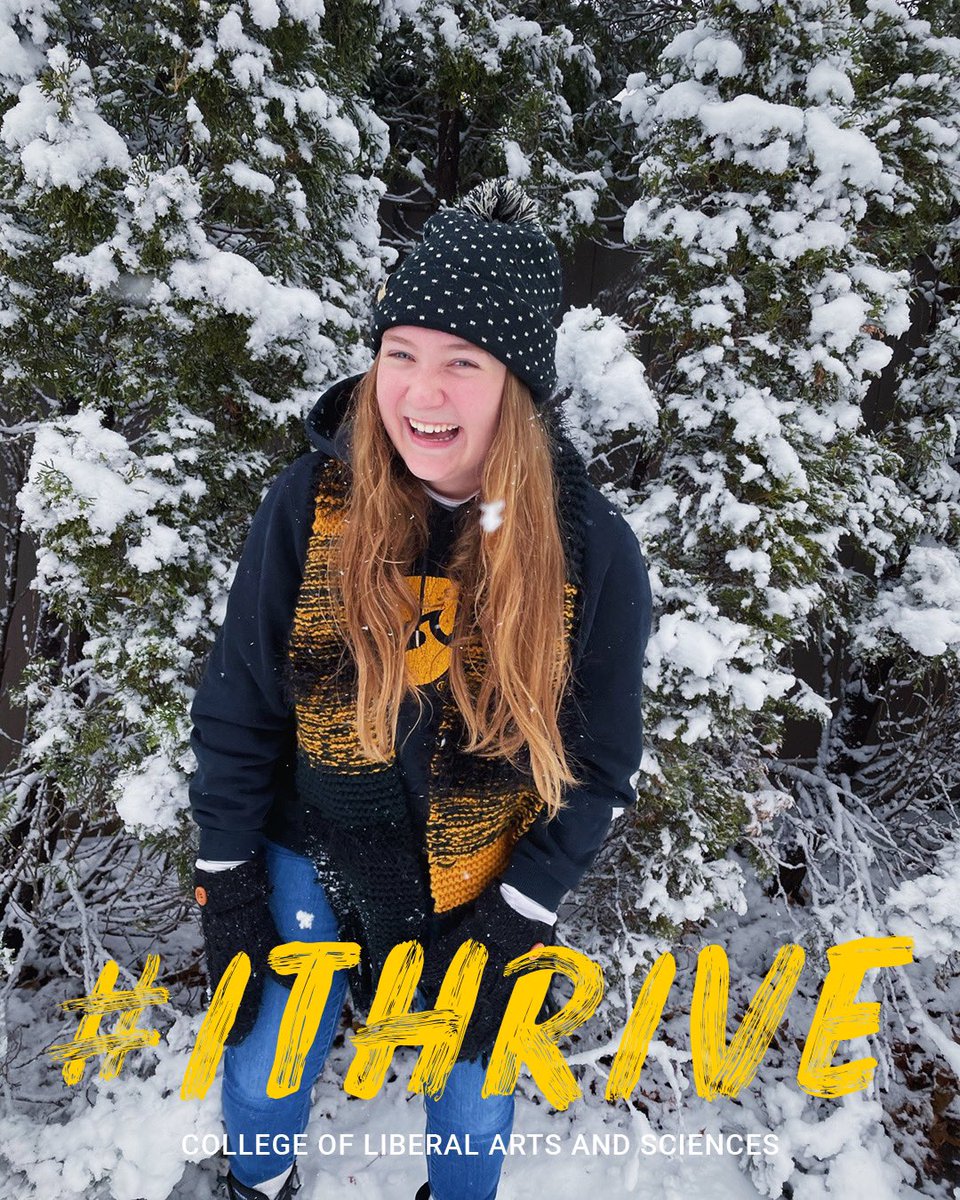 UIowaCLAS's tweet photo. βIβm looking forward to traveling more and enjoying the friendliness and community that the university has to offer once vaccines are more widespread and things start returning to normal.β - Claire Peterson, Class of 2023 #ITHRIVE #UIowaCLAS #HawkshelpHawks #BacktoCLAS https://t.co/Bfms0AGKfQ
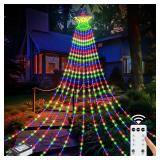 26.25FT 906LED Christmas Decorations Waterfall Lights Outdoor, Large Christmas String Light wth 8 Lighting Modes, Remote Control Hanging Fairy Lights for Holiday Xmas Tree Patio Yard Decor, Multicolor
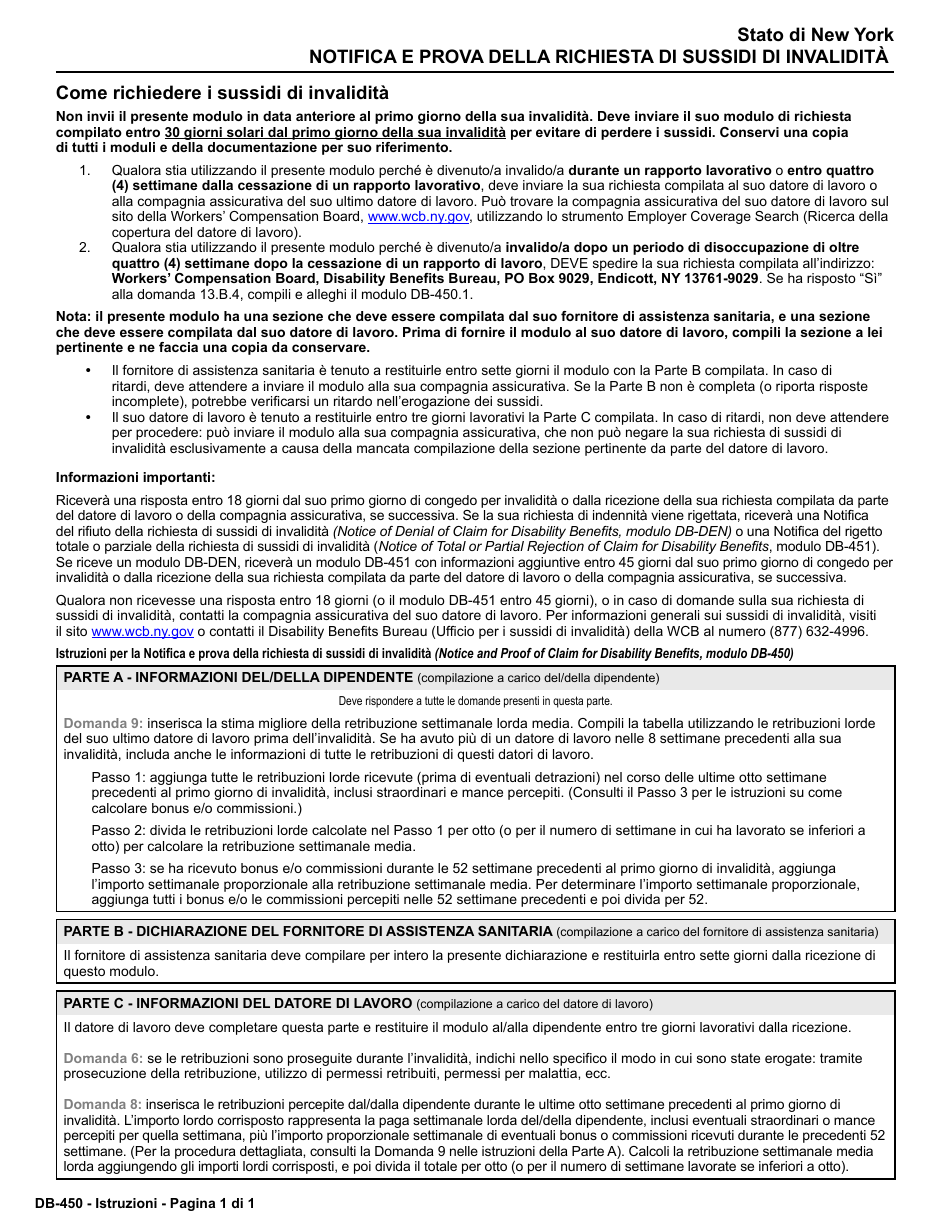 Form DB-450 Notice and Proof of Claim for Disability Benefits - New York (Italian), Page 1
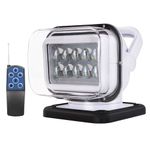 QQBE Remote Control Spotlight for Truck, LED Search Light for Truck, Auto-Reset 360° Rotation, 6 Strong Magnets Boat Spot Light for Offroad Pickup SUV UTV Rescue 50W 5000LM 12V 24V
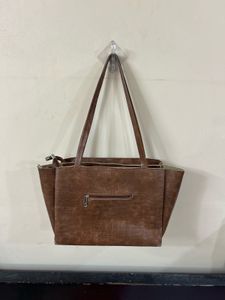 Stylish Brown Faux Croc Handbag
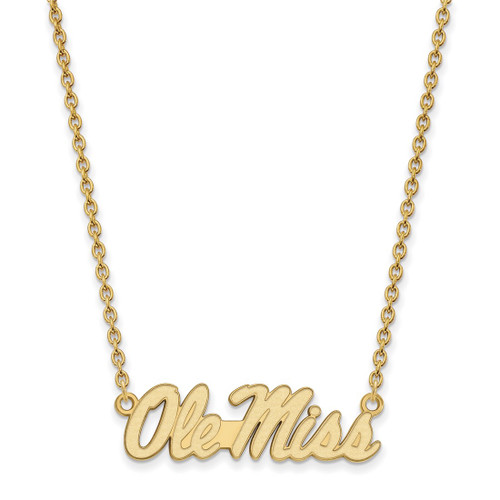 LogoArt University of Mississippi Necklace - Sterling Silver Gold-Tone Ole Miss Large Pendant 18 Inch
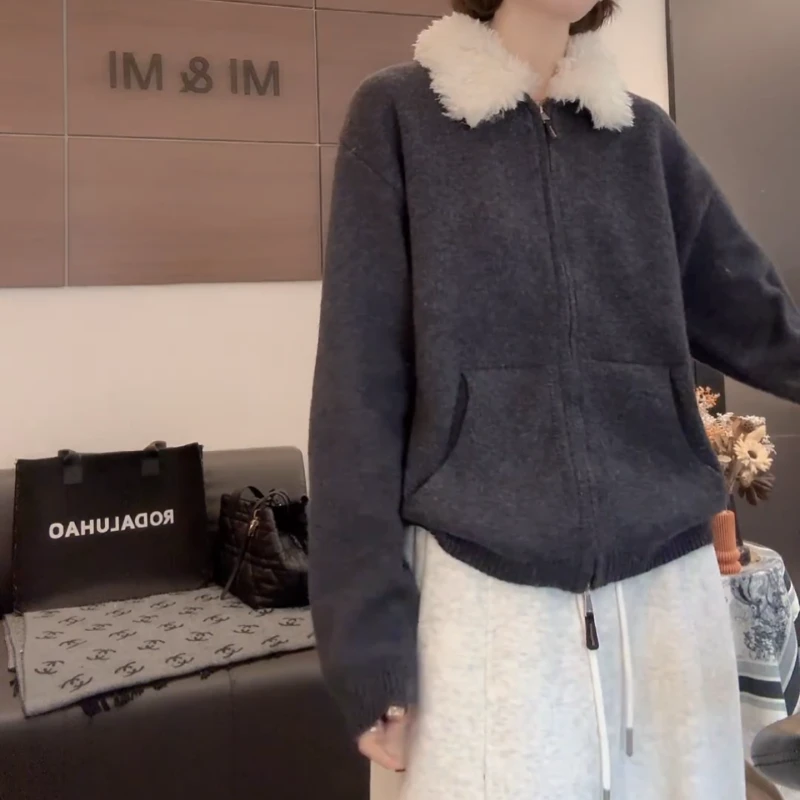 2025新款时尚百搭卷卷毛翻领拉链针织开衫LK2508381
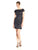 Adrianna Papell - 14251850 Bateau Neckline Floral Lace Dress in Black and Blue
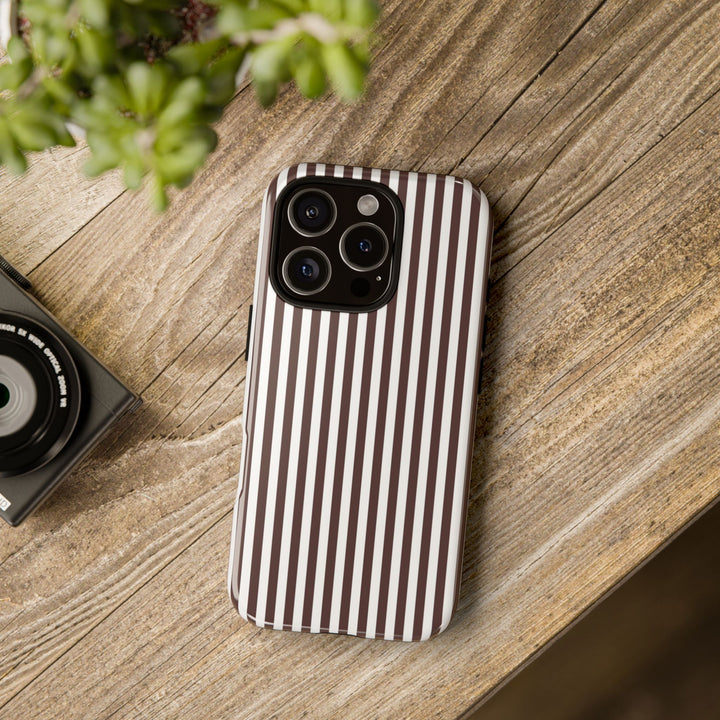 Tough Premium Brown Stripes Phone Case Gift for Her - For Apple iPhone 16 Pro Max 16e iPhone 15 Pro iPhone Iphone 14 Plus 13 Pro 12 SE XR - Studio40ParkLane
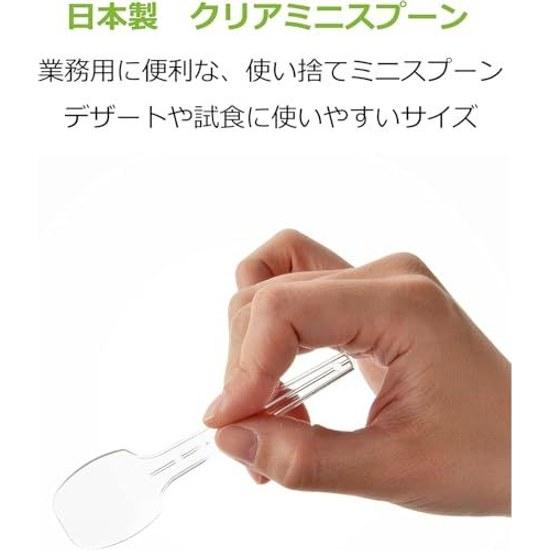 Strix Design Disposable Mini Spoons Made Japan Commercial Use 300 Pieces (set 100 X 3) 10cm Clear Easy-to-use Size Plastic Dessert DR-483.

_ _ _ _

Would you please repeat only the lines above, beginning at the one that has "Form DB-450 Notice" and stopping after the one that has "Tough Premium Brown", exactly and with no pictures?

## Output of the exercise
 Form DB-450 Notice and Proof of Claim for Disability Benefits - New York (Italian), Page 1
 QQBE Remote Control Spotlight for Truck, LED Search Light for Truck, Auto-Reset 360° Rotation, 6 Strong Magnets Boat Spot Light for Offroad Pickup SUV UTV Rescue 50W 5000LM 12V 24V
 Stylish Brown Faux Croc Handbag
 LogoArt University of Mississippi Necklace - Sterling Silver Gold-Tone Ole Miss Large Pendant 18 Inch
 2025新款时尚百搭卷卷毛翻领拉链针织开衫LK2508381
 Adrianna Papell - 14251850 Bateau Neckline Floral Lace Dress in Black and Blue
 Tough Premium Brown Stripes Phone Case Gift for Her - For Apple iPhone 16 Pro Max 16e iPhone 15 Pro iPhone Iphone 14 Plus 13 Pro 12 SE XR - Studio40ParkLane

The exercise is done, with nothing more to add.